I can give an elegant non brute force solution.

Lets say: $$\operatorname{area}(CBE)=0.5\times CB\times BE\times\sin \delta$$ and $$\operatorname{area}(ABE)=0.5\times AB\times BE\times \sin(2\delta).$$ Then the ratio of areas is $$\frac{CB}{2AB\cos(\delta)}=CE/AE=1/2.$$ Thus we conclude $\cos\delta=\frac{CB}{AB}$. We can then extend $BE$ past to a point $X$ so that $BX=AB$. In the isosceles triangle $ABX$ we let Y be the midpoint of $AX$. If $DF$ intersects $CB$ at $Q$ we need only to prove that $QBY$ is similar to $AFB$.

This is easy to see (after 3 hours of work) because if $BY$ intersects $AF$ at $T$, then $ATB$ is similar to $YFB$ because they share $\delta$ as angle and $FB/BT=BY/AB=\cos\delta$.
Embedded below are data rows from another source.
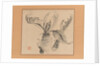 Cycad, mid-18th century by Ike no Taiga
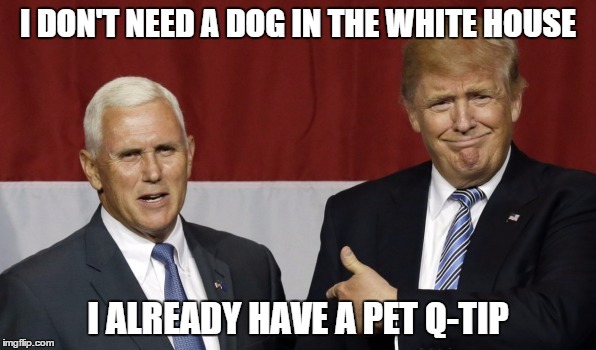 pence%20q-tip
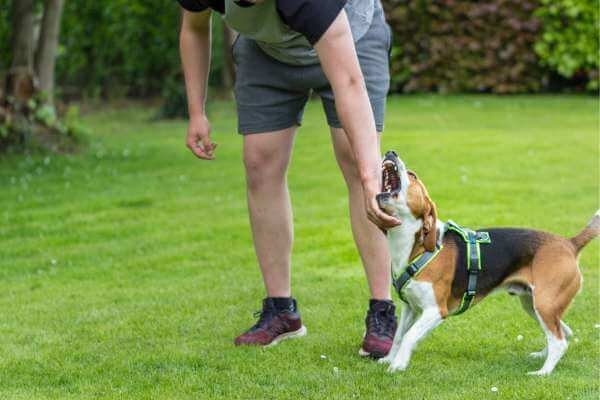 Are Beagles Aggressive dogs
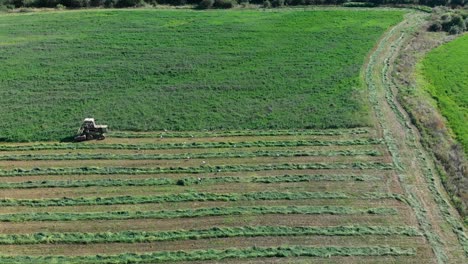 Aerial-panning-shot-of-flight-of-storks-feed-in-grass-field-and-mower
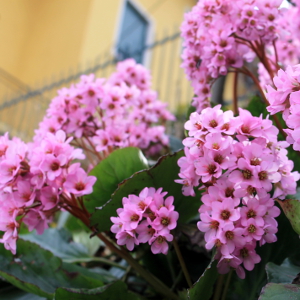 bergenia cordifolia, erbacea perenne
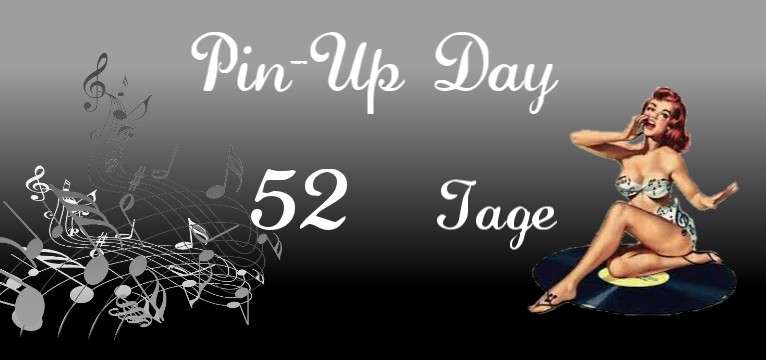 Counter Sound LP Pin Up 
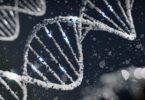 CRISPR and Genetic Engineering: Exploring the Next Frontier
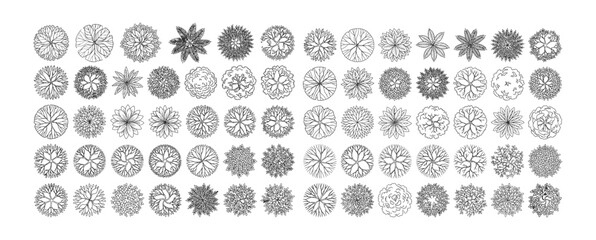 Fototapeta premium Top view tree CAD vector set. Thin line landscape tree symbols in plan view for architectural site plans, landscape design, garden layouts, urban planning and CAD drawings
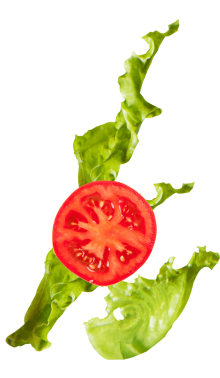 demo-attachment-87-lettuce_tomato@2x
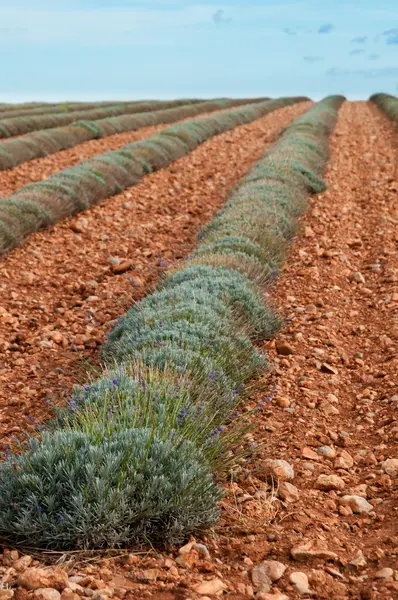 Lavander plants row on Lavander trail near Valensole in Provence — Stock Photo, Image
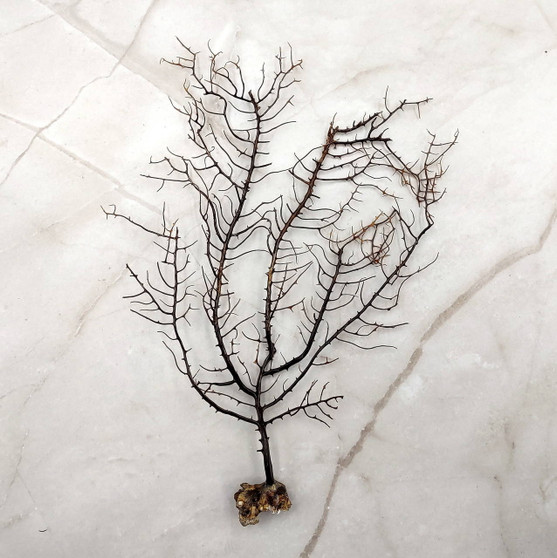 Black Sea Fan - Gorgonia Ventalina - (1 fan approx. 5-7 inches). One black sea fan with long black arms and a brown base. Copyright 2025 SeaShellSupply.com.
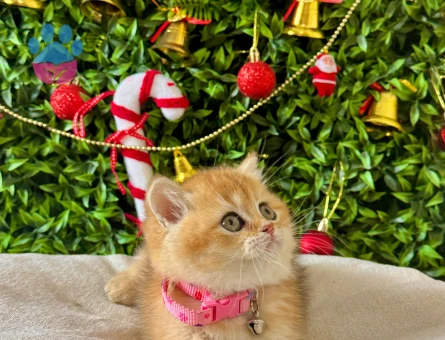 British Shorthair Golden 2 Aylık Dişi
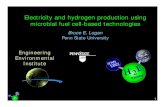Electricity and hydrogen production using microbial fuel cell-based ...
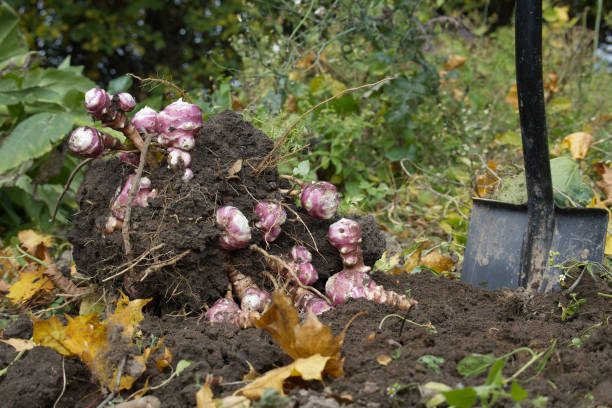 istock Harvesting Jerusalem artichoke from the soil with a shovel 1466553408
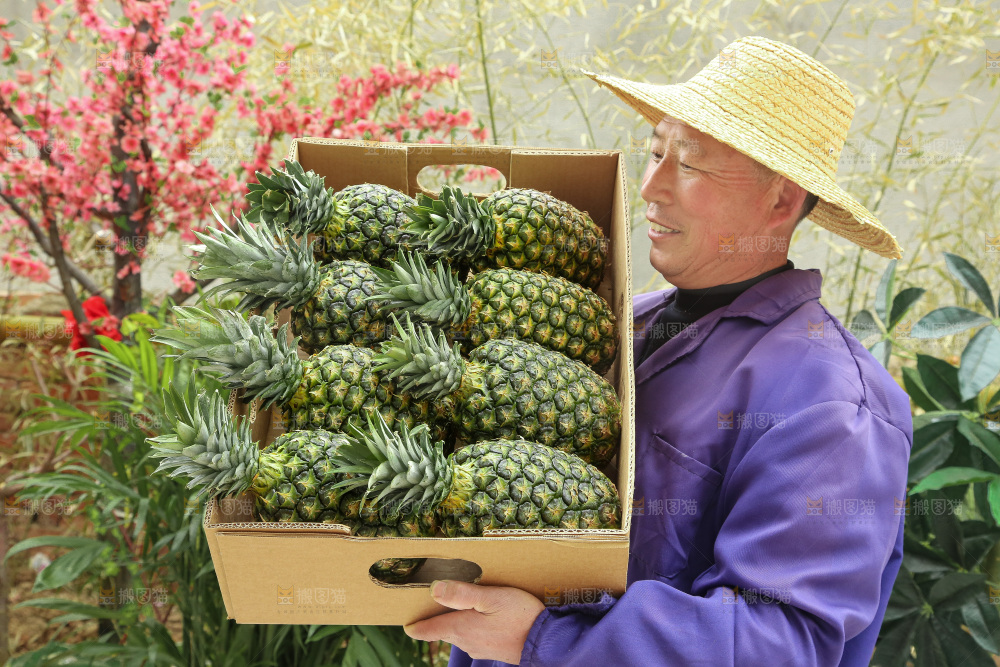 手里拿着新鲜凤梨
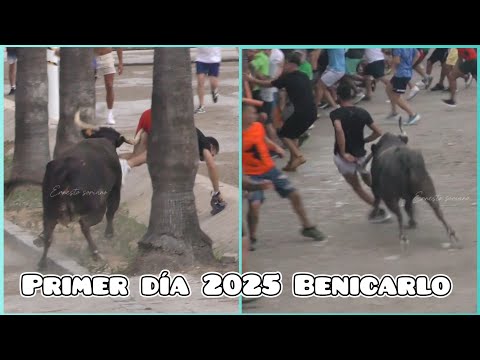 Benicarlo primer día 2025 - Benavent y sus Vacas de Elite 👌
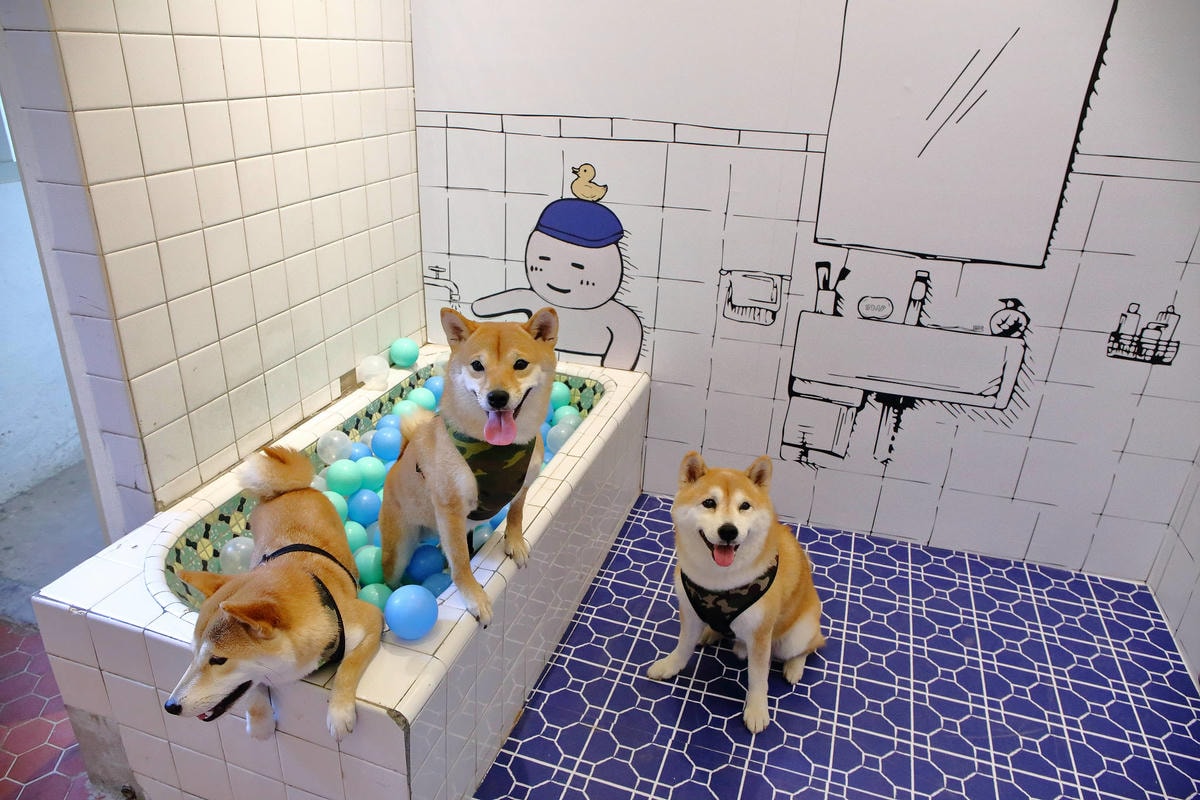 【遊。三重】空軍三重一村〜重新開園!重現空軍眷村,無料參觀親子活動,IG熱門打卡景點白天晚上都好拍照!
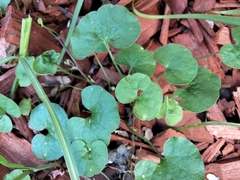 Dichondra repens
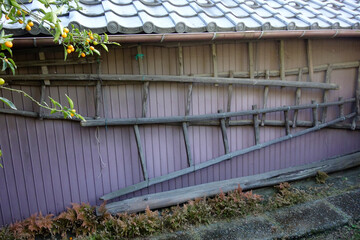 鄙びた家のトタン板の壁に掛けられた大型の古い木製の梯子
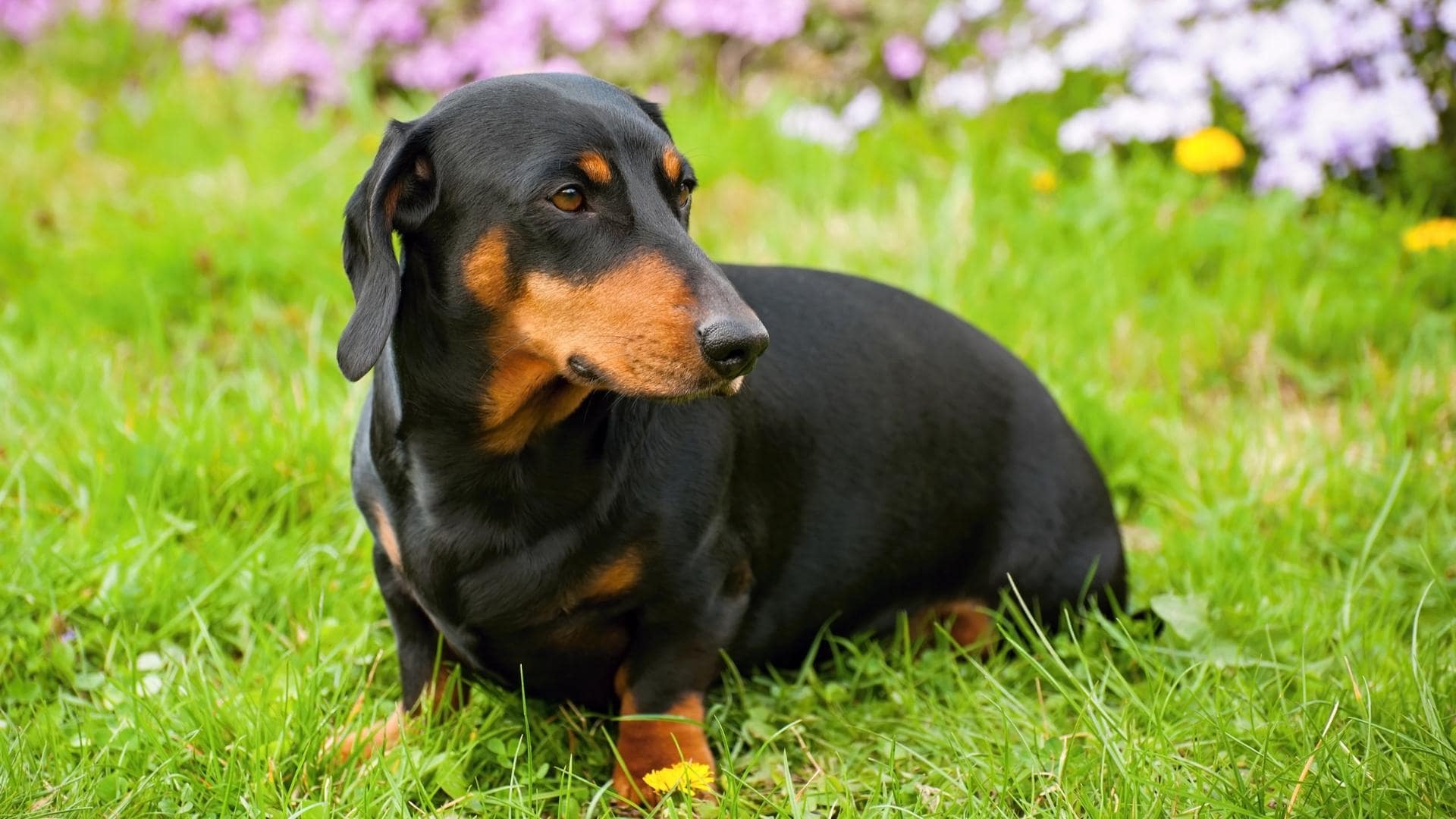 Why Is My Dachshund Getting So Fat? Top 6 Reasons + Tips
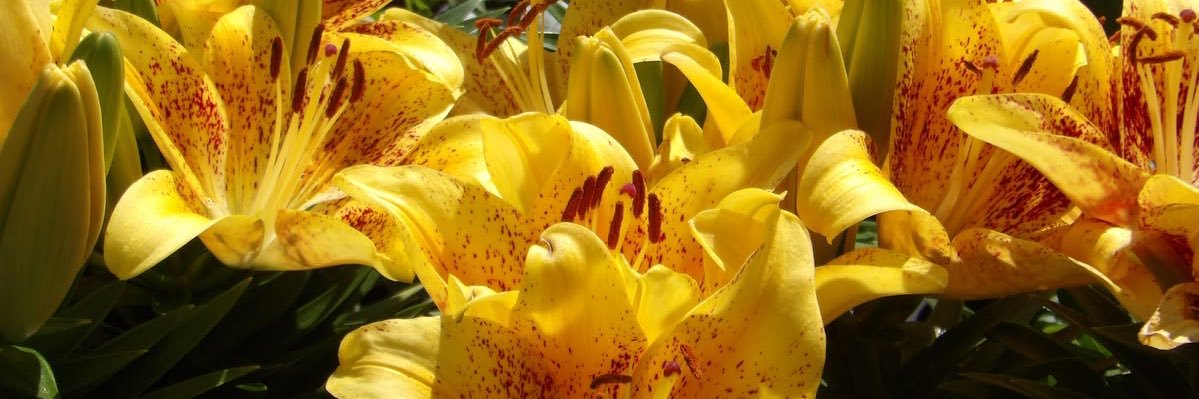 Blair | Findom 🌼's banner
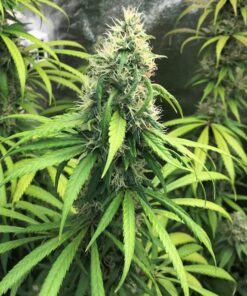 Royal Moby Royal Queen Seeds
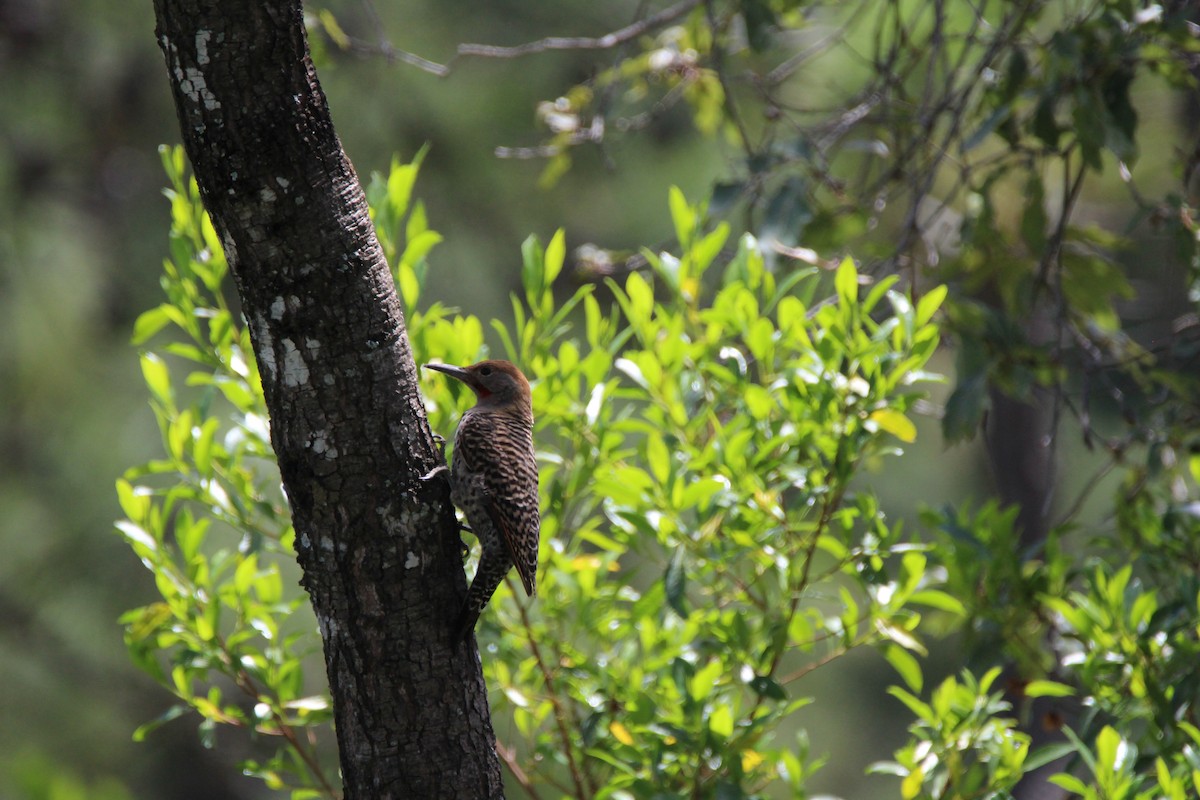 Northern Flicker (Guatemalan) - Lisseth Hernández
A possible approach based on analytic geometry and some trigonometry. Let us set a Cartesian plane with the origin in $E$ and the $y$-axis aligned with the $BE$ segment. Let us call $(0,Y_B)$ the coordinates of point $B$. The equations of the lines $BC$ and $BA$ are then $$y=\tan(\pi/2-\beta)x+Y_B$$ $$y=\tan(2 \beta-\pi/2)x+Y_B$$ respectively. Now let us call $y=mx$ the equation of the line corresponding to the segment $CA$. Thus, the coordinates of $C$ are

$$\left(\frac{Y_B}{m-\tan{\beta}}, \frac{mY_B}{m-\tan{\beta}}\right)$$

and those of $A$ are

$$\left(\frac{Y_B}{m-\tan{-2 \beta}}, \frac{mY_B}{m-\tan{-2 \beta}}\right)$$

Now calculating the length of $CE$ and$ EA$ by the standard formulas, and substituting in $CE=1/2 \,EA \,\,$ we get

$$ \left[(\frac{Y_B}{m-\tan(\pi/2- \beta)})^2 + ( \frac{m Y_B}{m-\tan( \pi/2-\beta)})^2\right]= \frac{1}{4} \left[(\frac{Y_B}{m-\tan(2 \beta-\pi/2)})^2 + ( \frac{m Y_B}{m-\tan(2 \beta-\pi/2)})^2\right] $$

Expanding and developing the calculations, this equation is considerably simplified in

$$-[m - \cot(\beta)]= 2 [\cot(2 \beta) + m]$$

and then

$$m=\frac{\tan{\beta}}{3}$$

which is the slope of $CA$. Since now we know the equations of both $CA$ and $BA$, we can calculate the coordinates of their intersection $A$, which are found to be

$$\left(\frac{3 Y_B}{3 \cot(2 β) + \tan(\beta)} , \frac{\tan(\beta) \,Y_B}{3 \cot(2 β) + \tan(\beta)}\right) $$

Knowing this, it remains to be calculated the slope of $DF$. Because $ED= \frac{1}{4} EA \,\,$, the coordinates of the point $D$ are $1/4$ of those of the point $A$ shown above. On the other hand, the point $F$ is on the $y$-axis, and because $AF$ is perpendicular to $EF$, its $y$-coordinate is the same of point $A$. From this, we get that the slope of $DF$ is

$$-\frac{3/4 \,(\tan(\beta) Y_B)/(3 \cot(2 β) + \tan(\beta))}{ 1/4 \, (3 Y_B)/(3 \cot(2 β) + \tan(\beta)}$$ $$=-\tan{\beta}$$

This slope corresponds to a line that is perpendicular to the segment $BC$, since

$$\frac{1}{\tan(\beta)}=\tan(\pi/2-\beta)$$